Notice that the precision is lower, and the network locations are further from the ground truth with NumPyro than with Pyro. Both lead to poor performance; however, whether one is causal or the other is not clear.

Training

def train_svi(x, y):
    with seed(rng_seed=0):  # Change seed doesn't affect the difference
        svi = SVI(model, AutoNormal(model), Adam(1e-3), Trace_ELBO())
        res = svi.run(prng_key(), STEPS, x, y, subsample=100)  # Pyro version uses step.

    return svi, res

BNN

def bnn(x, y, subsample):
    """BNN described in Appendix D of [1]

    **References:**
        1. *UNDERSTANDING THE VARIANCE COLLAPSE OF SVGD IN HIGH DIMENSIONS*
           Jimmy Ba, Murat A. Erdogdu, Marzyeh Ghassemi, Shengyang Sun, Taiji Suzuki, Denny Wu, Tianzong Zhang
    """

    hdim = 50
    prec = sample('prec', Gamma(2., 2.))

    w1 = sample(
        "nn_w1",
        Normal(0.0, 1.0).expand((x.shape[1], hdim)).to_event(2))  # prior on l1 weights
    b1 = sample("nn_b1", Normal(0.0, 1.0).expand((hdim,)).to_event(1))  # prior on output bias term

    w2 = sample("nn_w2", Normal(0.0, 1.0).expand((hdim, hdim)).to_event(2))  # prior on l1 weights
    b2 = sample("nn_b2", Normal(0.0, 1.0).expand((hdim,)).to_event(1))  # prior on output bias term

    w3 = sample("nn_w3", Normal(0.0, 1.0).expand((hdim,)).to_event(1))  # prior on output weights
    b3 = sample("nn_b3", Normal(0.0, 1.0))  # prior on output bias term

    with plate(
        "data",
        x.shape[0], subsample_size=subsample if subsample is not None else x.shape[0]
    ) as idx:
        x_batch = x[idx]
        y_batch = y[idx] if y is not None else y

        # 2 hidden layer with tanh activation
        loc_y = deterministic(
            "y_loc", nn.relu(nn.relu(x_batch @ w1 + b1) @ w2 + b2) @ w3 + b3
        )

        sample(
            "y",
            Normal(loc_y, jnp.sqrt(1/prec)),
            obs=y_batch,
        )

fehiepsi · May 15, 2024, 1:29pm

I’m only aware of AutoNormal in numpyro using the init_to_uniform init strategy, while it is init_to_feasible in pyro.

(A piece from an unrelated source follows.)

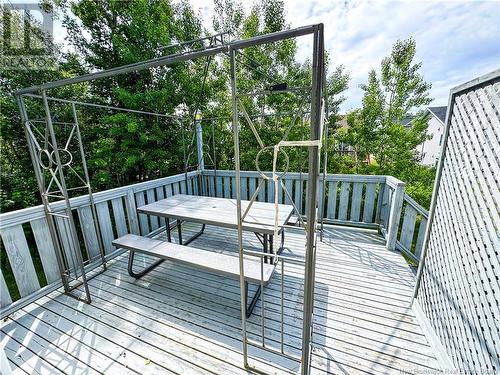 74 Mayfield Street, Moncton, NB - Outdoor With Deck Patio Veranda With Exterior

OlaRonning · May 15, 2024, 2:12pm

I see, thanks. That made a large difference, though they are still not quite on par.

Numpyro with init_to_feasible

fehiepsi · May 15, 2024, 3:48pm

Do you think the difference is significant now? If not, the difference likely comes from optimizer params, numerical computations, or similar diffs coming from using different frameworks

OlaRonning · May 15, 2024, 5:03pm

The gap is still pretty large; however, so was the improvement, so you are likely right that it comes down to numerics, etc., rather than some significant departure between the frameworks.